From Cooking Maggie To Putting Salt On The Wrong Side Of The Plate, These Urban Life Divorce Cases Are Hard To Accept

A man sought divorce from his wife after finding out that she couldn’t cook anything other than Maggi and prepared it for breakfast, lunch, and dinner.

 The “Maggi case”

Call it a childhood sentiment or a grown-up obsession, the love for Maggi is truly unconditional. A fast, urban lifestyle has left many young couples turn-to ready-to-make food to get by. Eating such food, especially Maggi, is love but can you eat the two-minute noodles for the whole day?


According to the reports, a couple in Mysuru suffered problems in their marriage after the wife could not cook anything but Maggi. Being termed the ‘Maggi case’ by ML Raghunath, Principal district and sessions court judge, the incident further involved a divorce between the two.

It all happened when a man desired separation from his partner after she cooked nothing but Maggi for breakfast, lunch, and dinner. Speaking about the issue, Raghunath spoke about how the man complained that the woman went to the provision store only to buy the instant noodles and nothing else.

Raghunath speaking to the media said, “The husband said his wife did not know how to prepare any food other than Maggi noodles. It was noodles for breakfast, lunch, and dinner. He complained that his wife went to the provision store and brought only instant noodles.”


Divorce for bizarre reason

Speaking about recent divorce cases, he further informed that the court has received cases from people just after the day of their wedding. The issues that led to separation included silly issues like– not talking to the partner, putting salt on the wrong side of the plate, the wrong color wedding suit, not spending enough time with the wife, not hiring a wedding photographer, etc.

“Divorce cases are increasing drastically over the years. Couples have to stay together for at least a year before seeking a divorce. If there was no such law, there would be divorce petitions filed directly from wedding halls,” he said adding “the courts use sentiment to help couples settle their differences through compromise and reunite. For the most part, the issues are more psychological than physical.”

In most cases, though couples come together, the scars of their argument remain. Out of 800-900 matrimonial cases, we succeed in about 20-30 cases. In the previous Lok Adalat, of around 110 divorce cases, reunion happened in just 32 cases.”


Image used for reference

As for the Maggi case, it’s not a one-off case where a husband’s frustration over food landed his marriage in the soup. A man from Telangana was recently taken into custody after he dialed 100 six times to complain about his wife not cooking mutton curry. According to Telangana police, Naveen from Cherla Gowraram village in Kanagal was drunk when he made the calls.

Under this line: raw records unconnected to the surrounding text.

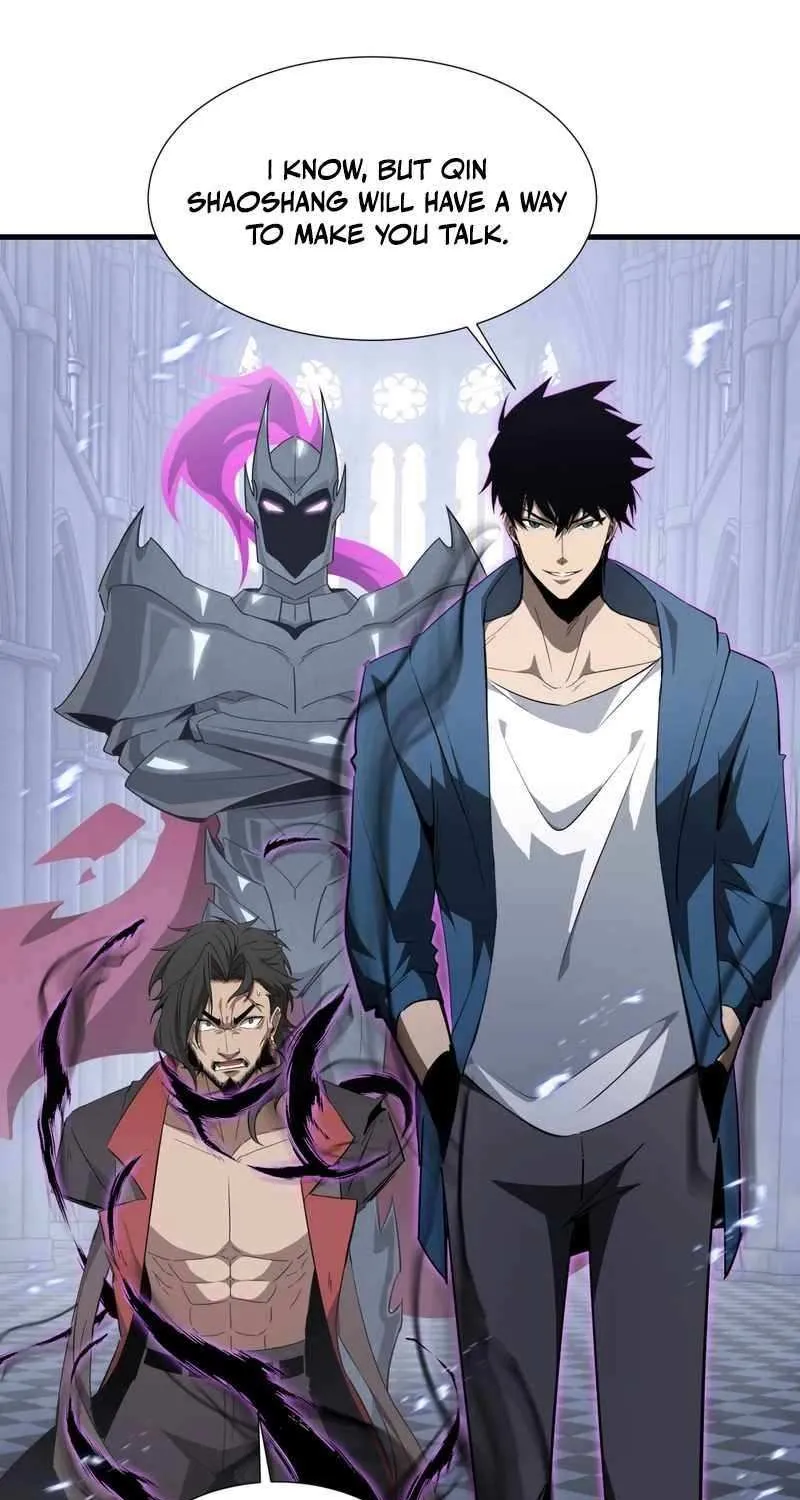 Read Tyrant of the Otherworld Prison My Shadow Can Evolve Infinitely EN Manga Online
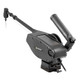 Cannon Magnum 10 Electric Downrigger with Stainless Steel Telescopic Boom and Quick Retrieval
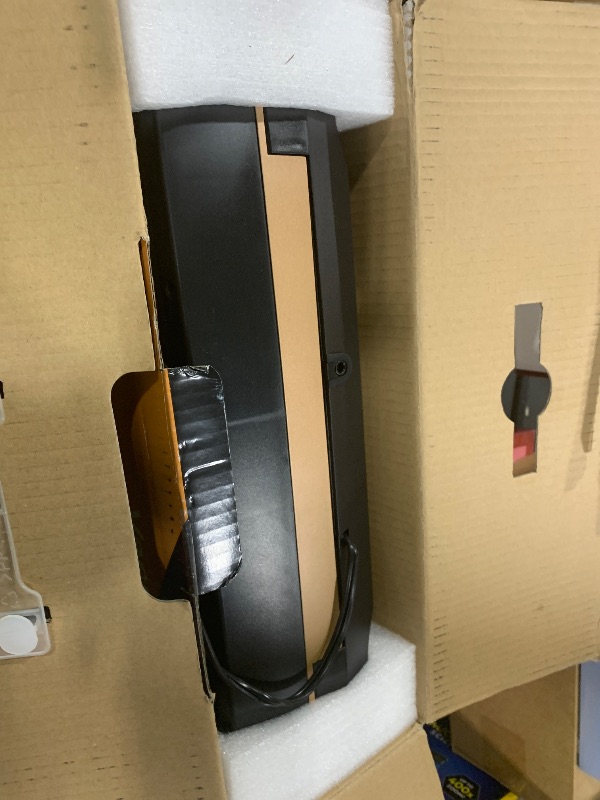 Photo 1 of Vacuum Sealer Machine, Updated Powerful 95KPa Commercial Food Saver with Double Seal for 2X Strength, Built-in Cutter, Bags Storage & Easy-Lock Handle, Includes Free Bags (1 Roll + 10 Pre-cut) Black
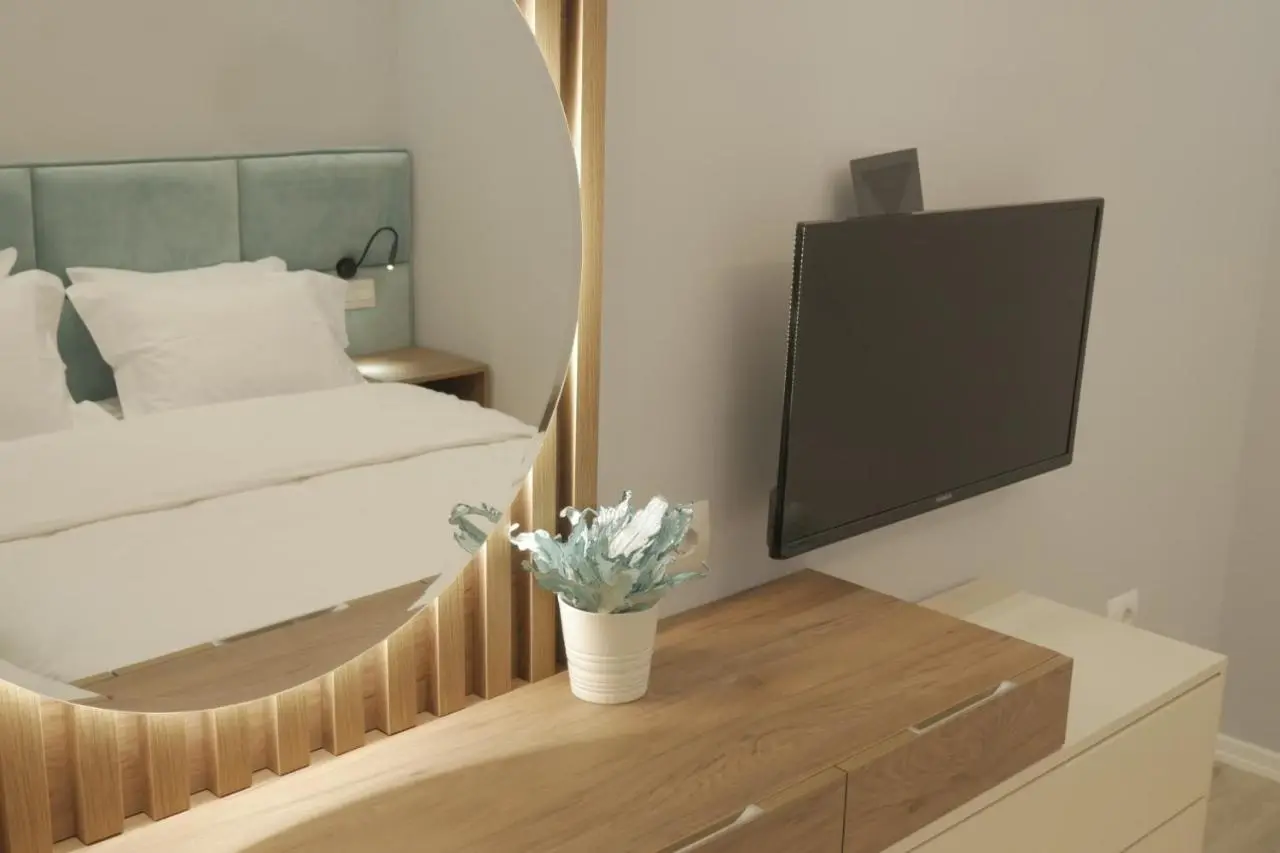 Newly renovated apartment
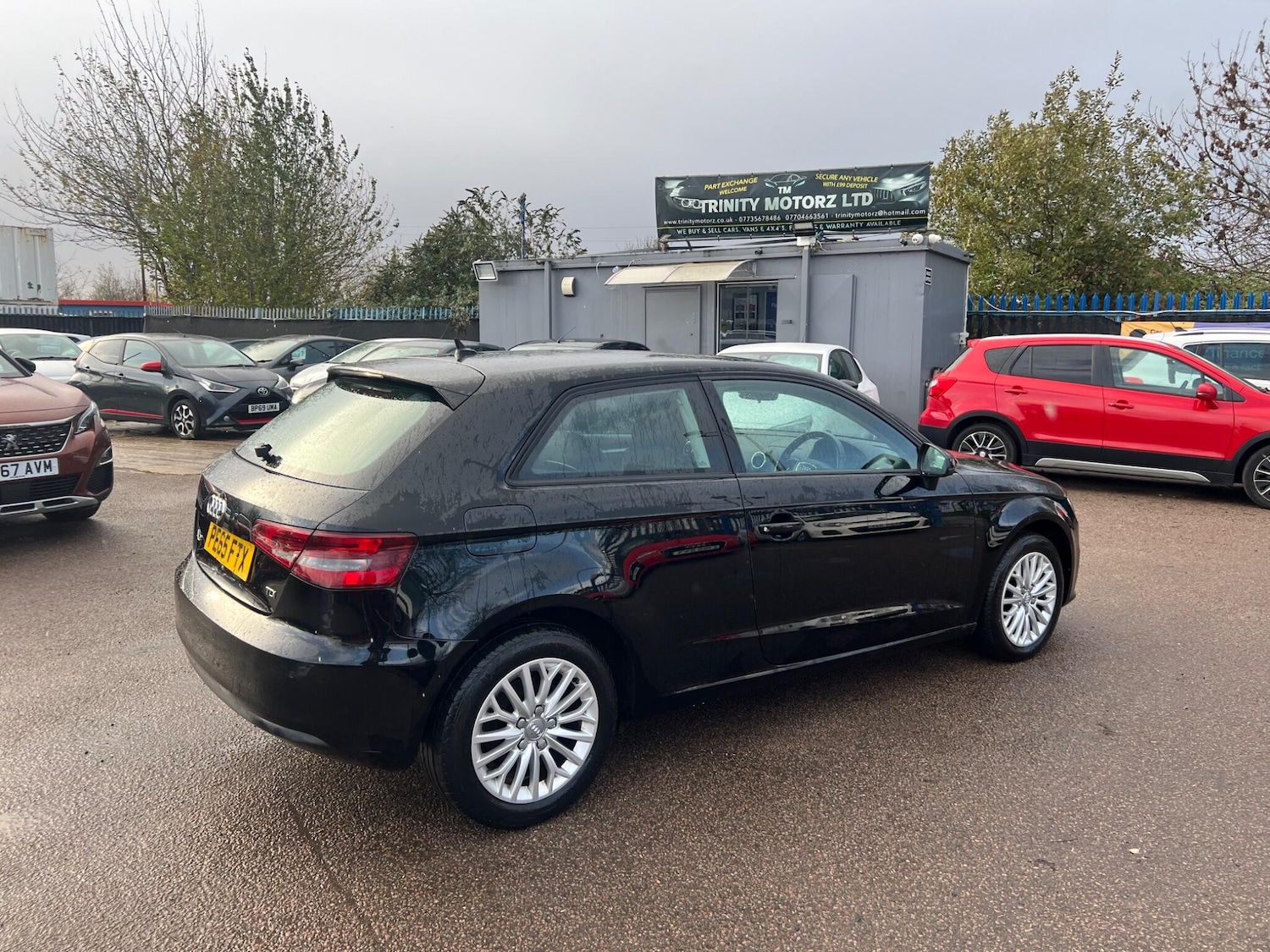 Used Audi A3 2015 for sale - 77040463: Photo 7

The police ignored him after the first call, but when he called another five times, the police resolved that Naveen should be taught a lesson about not misusing ‘dial 100’. A case of nuisance was registered and the caller was taken into custody and later let off with a warning.

The Telangana Today report says that Naveen consumed liquor, then bought mutton and asked his wife to cook it. When the wife saw his intoxicated state, she refused to cook it. Angry at her refusal, the man dialed 100 six times to lodge a complaint against his wife.


Throwing light on the situation, ML Raghunath said that the divorce petitions are more from the urban than the rural areas. It is because the latter has village panchayats to interfere and settle the problem. Not only this but the women there have no freedom and they even fear the society and the sentiments of the family.